Which of the following do investors have the greatest control over their investment portfolios?

A. Gross realized return.

B. Net return.

C. Risk.


Q2.

Which of the following activities is consistent with the objective of risk management?

A. Reduce the risk exposure of specific investments to match the organization’s risk tolerance level.

B. Avoid all possible risks which the organization faces.

C. Take as little risk as possible to ensure the safety of the organization.


Q3.

An overall risk management framework encompasses several activities except:

A. Performing risk governance.

B. Identifying and measuring risk limited to what is going on in the financial markets.

C. Monitoring, mitigating, and managing risks.


Q4.

Which of the following best characterizes activities that are facilitated by a risk infrastructure?

A. Risk budgeting, tracking, and analysis.

B. Risk tolerance determination, measurement, and monitoring.

C. Risk tracking, measurement, reporting.


Q5.

In risk management, the element that quantifies and allocates the tolerable risk is:

A. risk budgeting.

B. risk tolerance.

C. risk appetite.


Q6.

The risk management process involves evaluating the actual risk compared with the company’s risk tolerance.

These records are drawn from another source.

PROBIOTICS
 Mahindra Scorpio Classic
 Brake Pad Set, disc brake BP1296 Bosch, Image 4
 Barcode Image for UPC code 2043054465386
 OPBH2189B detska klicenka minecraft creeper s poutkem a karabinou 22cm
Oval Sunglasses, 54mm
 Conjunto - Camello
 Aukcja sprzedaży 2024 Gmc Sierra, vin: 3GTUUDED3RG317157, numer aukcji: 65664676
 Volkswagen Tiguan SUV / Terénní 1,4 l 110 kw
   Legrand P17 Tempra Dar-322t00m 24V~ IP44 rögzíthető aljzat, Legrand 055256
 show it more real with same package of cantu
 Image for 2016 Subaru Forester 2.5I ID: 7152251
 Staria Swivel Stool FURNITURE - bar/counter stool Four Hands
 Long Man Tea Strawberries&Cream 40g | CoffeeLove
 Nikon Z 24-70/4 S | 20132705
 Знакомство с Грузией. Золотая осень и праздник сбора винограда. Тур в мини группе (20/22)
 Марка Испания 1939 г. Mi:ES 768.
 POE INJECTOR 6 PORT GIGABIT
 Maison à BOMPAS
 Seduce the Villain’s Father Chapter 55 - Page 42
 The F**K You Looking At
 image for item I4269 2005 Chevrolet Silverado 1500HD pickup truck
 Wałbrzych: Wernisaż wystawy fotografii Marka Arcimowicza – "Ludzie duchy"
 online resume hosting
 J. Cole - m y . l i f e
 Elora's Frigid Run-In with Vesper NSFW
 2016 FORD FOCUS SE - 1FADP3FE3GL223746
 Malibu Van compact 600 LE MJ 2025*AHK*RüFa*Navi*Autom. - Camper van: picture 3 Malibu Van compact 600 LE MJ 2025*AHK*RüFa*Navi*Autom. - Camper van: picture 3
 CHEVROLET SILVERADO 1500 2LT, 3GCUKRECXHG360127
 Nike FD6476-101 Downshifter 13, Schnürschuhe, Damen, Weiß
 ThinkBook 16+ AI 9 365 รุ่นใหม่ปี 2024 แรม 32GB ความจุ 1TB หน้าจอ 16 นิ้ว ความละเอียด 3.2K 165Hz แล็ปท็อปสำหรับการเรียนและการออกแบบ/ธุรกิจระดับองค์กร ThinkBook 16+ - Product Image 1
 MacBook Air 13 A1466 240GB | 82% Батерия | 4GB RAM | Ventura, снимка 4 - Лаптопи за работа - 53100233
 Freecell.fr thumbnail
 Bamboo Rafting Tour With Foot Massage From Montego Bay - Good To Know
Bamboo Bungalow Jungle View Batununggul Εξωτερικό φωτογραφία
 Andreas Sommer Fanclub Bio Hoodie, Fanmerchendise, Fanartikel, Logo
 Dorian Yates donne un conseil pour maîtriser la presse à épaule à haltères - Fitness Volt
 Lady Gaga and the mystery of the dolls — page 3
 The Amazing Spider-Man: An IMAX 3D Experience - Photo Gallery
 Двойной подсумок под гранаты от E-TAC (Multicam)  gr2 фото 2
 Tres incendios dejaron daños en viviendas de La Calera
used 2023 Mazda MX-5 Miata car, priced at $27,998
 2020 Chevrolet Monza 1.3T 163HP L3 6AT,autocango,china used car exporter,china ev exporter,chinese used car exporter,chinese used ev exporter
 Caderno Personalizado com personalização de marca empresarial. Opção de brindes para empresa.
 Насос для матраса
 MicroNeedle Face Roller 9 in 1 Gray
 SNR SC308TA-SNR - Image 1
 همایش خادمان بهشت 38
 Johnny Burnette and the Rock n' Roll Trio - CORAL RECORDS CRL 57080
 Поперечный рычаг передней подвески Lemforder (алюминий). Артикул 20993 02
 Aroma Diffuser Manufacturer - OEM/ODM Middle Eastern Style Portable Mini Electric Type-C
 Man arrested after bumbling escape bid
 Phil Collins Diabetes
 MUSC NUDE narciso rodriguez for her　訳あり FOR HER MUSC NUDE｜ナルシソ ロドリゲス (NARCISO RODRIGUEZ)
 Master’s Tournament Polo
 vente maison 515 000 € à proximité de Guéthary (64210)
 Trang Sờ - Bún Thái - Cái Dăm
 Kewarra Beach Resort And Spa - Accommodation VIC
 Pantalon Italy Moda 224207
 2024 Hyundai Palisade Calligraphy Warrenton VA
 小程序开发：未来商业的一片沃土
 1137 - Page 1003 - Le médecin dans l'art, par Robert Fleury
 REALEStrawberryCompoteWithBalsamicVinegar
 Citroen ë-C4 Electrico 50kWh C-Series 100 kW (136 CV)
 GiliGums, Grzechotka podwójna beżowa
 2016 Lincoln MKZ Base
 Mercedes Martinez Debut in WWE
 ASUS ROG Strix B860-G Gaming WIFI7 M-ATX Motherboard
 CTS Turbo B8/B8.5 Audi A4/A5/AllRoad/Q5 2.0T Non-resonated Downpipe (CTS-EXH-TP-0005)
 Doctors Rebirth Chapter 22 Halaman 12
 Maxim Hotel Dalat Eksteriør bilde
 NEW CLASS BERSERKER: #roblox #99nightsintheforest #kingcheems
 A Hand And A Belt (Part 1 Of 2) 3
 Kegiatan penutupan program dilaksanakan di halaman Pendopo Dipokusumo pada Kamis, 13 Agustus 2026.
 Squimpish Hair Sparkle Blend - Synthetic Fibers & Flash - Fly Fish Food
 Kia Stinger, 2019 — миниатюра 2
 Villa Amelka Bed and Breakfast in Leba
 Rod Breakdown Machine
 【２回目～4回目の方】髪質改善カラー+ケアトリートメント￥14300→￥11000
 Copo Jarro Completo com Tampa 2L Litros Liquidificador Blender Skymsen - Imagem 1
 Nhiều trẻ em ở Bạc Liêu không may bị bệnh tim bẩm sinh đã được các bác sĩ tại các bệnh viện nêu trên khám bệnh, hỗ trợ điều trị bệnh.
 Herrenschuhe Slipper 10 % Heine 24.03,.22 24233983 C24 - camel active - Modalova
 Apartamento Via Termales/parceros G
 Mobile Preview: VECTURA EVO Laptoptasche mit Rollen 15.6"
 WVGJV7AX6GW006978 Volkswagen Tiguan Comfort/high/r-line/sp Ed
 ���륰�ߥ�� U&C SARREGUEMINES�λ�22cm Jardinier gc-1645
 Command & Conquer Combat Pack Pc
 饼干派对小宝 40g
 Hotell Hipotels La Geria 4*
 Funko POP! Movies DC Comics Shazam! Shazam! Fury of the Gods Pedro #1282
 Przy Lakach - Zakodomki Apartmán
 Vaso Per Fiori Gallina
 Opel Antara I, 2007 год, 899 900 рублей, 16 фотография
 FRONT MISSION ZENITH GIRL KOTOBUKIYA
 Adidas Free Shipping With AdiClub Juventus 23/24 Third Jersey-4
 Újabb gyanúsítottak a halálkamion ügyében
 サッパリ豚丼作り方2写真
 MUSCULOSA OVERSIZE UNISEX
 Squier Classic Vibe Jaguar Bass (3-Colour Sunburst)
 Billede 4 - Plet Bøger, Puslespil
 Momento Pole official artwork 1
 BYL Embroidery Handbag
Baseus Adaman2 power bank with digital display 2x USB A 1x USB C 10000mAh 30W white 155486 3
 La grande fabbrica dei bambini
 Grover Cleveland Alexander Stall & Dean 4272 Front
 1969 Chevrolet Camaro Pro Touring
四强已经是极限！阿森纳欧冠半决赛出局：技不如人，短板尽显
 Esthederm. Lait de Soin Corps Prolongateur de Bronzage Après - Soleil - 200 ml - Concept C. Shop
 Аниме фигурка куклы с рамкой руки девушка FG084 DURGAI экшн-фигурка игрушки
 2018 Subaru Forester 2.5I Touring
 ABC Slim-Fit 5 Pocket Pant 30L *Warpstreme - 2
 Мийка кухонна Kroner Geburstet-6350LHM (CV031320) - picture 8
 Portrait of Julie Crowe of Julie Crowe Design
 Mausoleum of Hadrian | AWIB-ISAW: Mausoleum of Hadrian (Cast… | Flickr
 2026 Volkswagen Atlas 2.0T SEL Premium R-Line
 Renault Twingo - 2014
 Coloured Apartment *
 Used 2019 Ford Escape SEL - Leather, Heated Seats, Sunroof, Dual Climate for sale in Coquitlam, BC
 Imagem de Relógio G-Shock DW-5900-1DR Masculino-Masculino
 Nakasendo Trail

If the answer is “Out of line with the risk tolerance”, which of the following action need to be taken?

A. Risk identification and risk measurement.

B. Risk monitoring, risk mitigation, risk management, and communication.

C. Defining risk tolerance and providing risk oversight.


Q7.

About risk governance, which of the following statements is least likely correct?

A. Risk governance is the basis of risk management.

B. Risk governance is an activity at the bottom level of risk management.

C. Risk governance should include setting risk tolerance for the organization.


Q8.

Which of the elements of effective risk governance is least correct?

A. Enterprise risk management.

B. Risk appetite.

C. Communication.


Q9.

An effective risk governance strategy at a large global bank requires strong participation by the board of directors. Which of the following duties should be the responsibility of the board of directors?

A. Directs risk management activities to align with and support the goals of the overall enterprise.

B. Developing quantitative formulas for management to use to determine whether a risk should be hedged.

C. Defining and running stress tests and scenarios to assess the bank’s vulnerability to a severe financial downturn.


Q10.

Which of the following statements most accurately describes enterprise risk management (ERM)?

A. Separately manage individual risks within an organization.

B. Since ERM is a comprehensive view of company risk, thus the total risk measured under ERM is higher than the sum of risks measured individually.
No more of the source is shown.